I had a small adventure today; I went to the post office. Yep, Sister Simmons gave me the assignment along with the Church's real estate agent who looks for property for our chapels. His name is Ivan, pronounced "Evon", but his nickname (everyone has a nickname) is Vanya. With President Gushin on vacation for a month, the "pickup slips" were piling up on Sister Simmons' desk and she was afraid they might start returning some of the packages because they weren't picked up, so off we went to get them.

To pickup a piece of mail addressed to another person, we had to have a power-of-attorney printed up, stamped officially in our office, and signed by the person who was authorizing the pickup along with the courier (Vanya).

We drove just a few minutes to the post office, took our place in line at what we believed was the right window, and waited to do our business. When it was our turn, Vanya introduced himself as the authorized courier, gave the clerk his document and showed her his passport for identification. Up to this point, it was all pretty reasonable, even in the states. Now it starts to get interesting.

We gave her the 9 pickup slips and she scowled. Why did we wait so long?
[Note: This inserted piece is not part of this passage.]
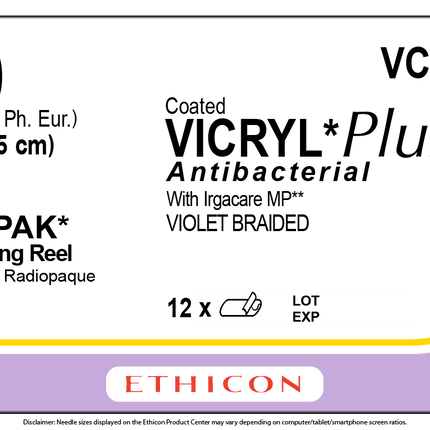 J&J Ethicon COATED VICRYL® Plus Antibacterial (polyglactin 910) Suture 36 each/box VCP207G - A Medi Supplies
This is going to disrupt the whole post office. I think Vanya apologized and looked appropriately chastened as she looked through the slips, which helped her disposition a little.

The clerk pulled out two slips and said that we would have to go to another window, less than 10 feet down the line of closed windows to get the other items. She then went into the back room grumbling in Russian and began bringing out the same heavy plastic bags that Elder Lunt's box (contents) came in a month or so earlier. Each bag was made of that stiff plastic like the cheap, blue tarps are made of except they were limp and a beige color. Each was the size of a large gunny-sack and clamped off at the neck with a heavy purple plastic cable tie with a big manilla tag attached.

She checked each tag against the pickup slip and cut the plastic tie. She then turned each bag up-side-down in succession on a counter and dumped out the box it held. Most of them were the U.S. Postal Service Flat Rate boxes, but two were not.

One of them was a simple, grocery store cardboard box, originally closed with multiple layers of packing tape that now hung limp from every side and corner of the box. At first, I thought the box looked peculiarly dark, sort of a milk chocolate color and obviously in sad shape. As she dumped it out, it made a definitely wet plop sound as it hit the counter. When she picked it up to locate the customs slip in its now ragged plastic pouch hanging from one corner of it's formerly sticky adhesive backing she drew back her hand, looked at it and muttered something in Russian as she looked for a rag.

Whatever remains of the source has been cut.